Costa Rican judge and politician (1795–1867)

José Ramón Castro y Ramírez (8 December 1795 – 27 May 1867) was a Costa Rican judge, landowner and politician who served as the 11th President of the Supreme Court of Justice from 1843 to 1844. He was a magistrate of the country's highest court during three separate periods between 1835 and 1850 and also served several terms in the Senate. He was the father of President José María Castro Madriz.

==Biography==

José Ramón Castro y Ramírez was born in San José on 8 December 1795, the son of Francisco Castro y Alvarado and María de la Trinidad Ramírez y Ulloa. His sister, María del Rosario Castro, was married to Antonio Pinto Soares, who briefly served as acting Head of State of Costa Rica in 1842.
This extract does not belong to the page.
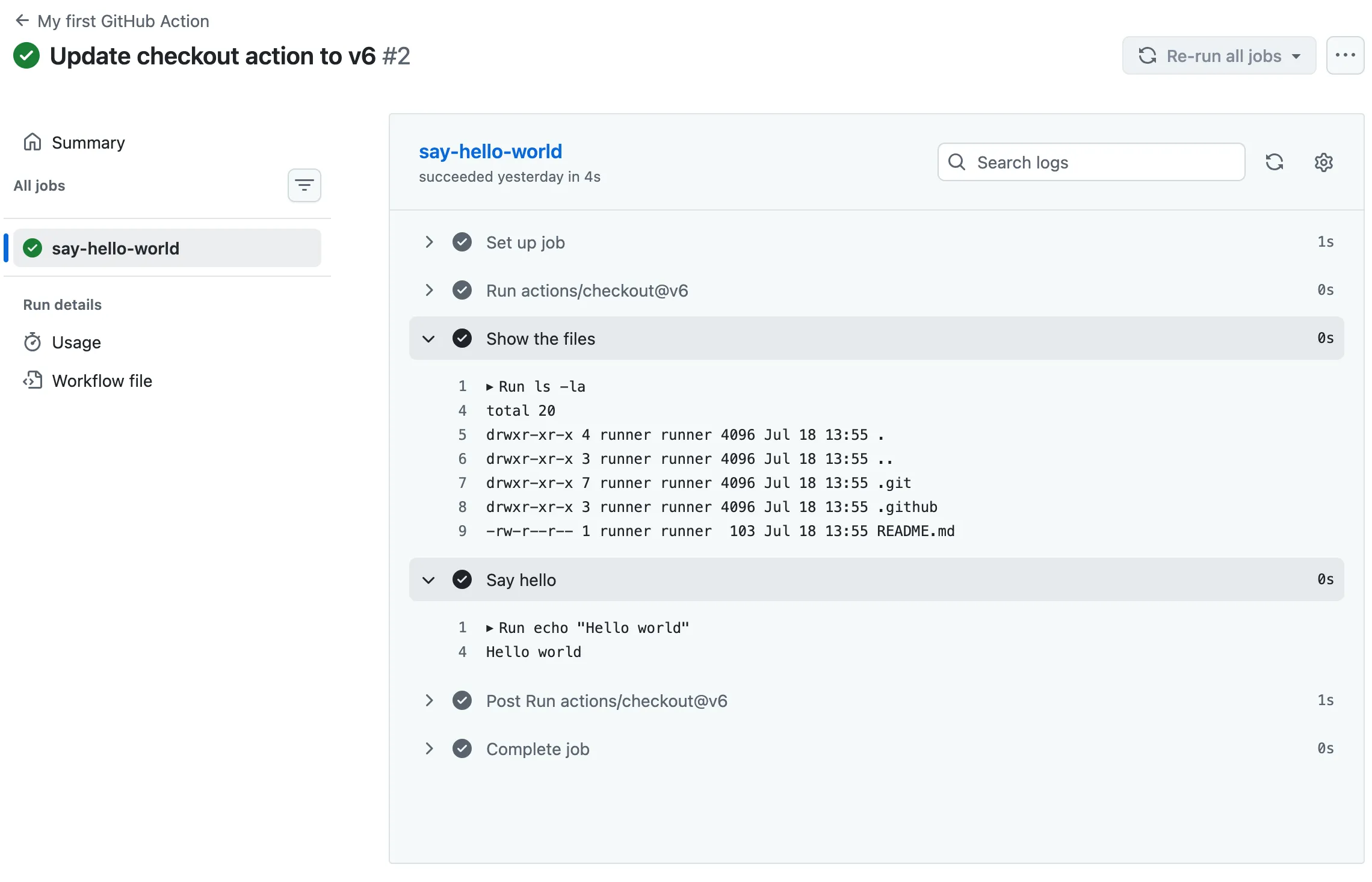 Screenshot of GitHub Actions detail page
On 1 April 1818, he married Lorenza Madriz y Cervantes. The couple had one son, José María Castro Madriz, who later became the first President of Costa Rica.

Castro was involved in both public service and agricultural activities throughout his life. He served as port captain of Puntarenas and was appointed a magistrate of the Superior Court of Justice, serving from 1835 to 1839. On 8 June 1843, the Constituent Assembly appointed him president of the Judicial Chamber, then the country's highest judicial body. He held the position until 1844, presiding over a court composed of magistrates Juan Rafael Ramos, Juan González y Reyes, and Ramón Gómez, with Santos Velázquez y Tinoco serving as prosecutor.

In addition to his judicial career, Castro was active in national politics. He served as a senator from 1845 to 1847, returned to the judiciary as a magistrate from 1847 to 1850, was elected alternate senator in 1863, and again served as senator from 1864 until his death.

Although he held several public offices, agriculture remained his principal occupation. During the last fifteen years of his life, he resided primarily on his coffee plantation near San José. He was also known as a benefactor of the town of Escazú.

Castro died in San José on 27 May 1867.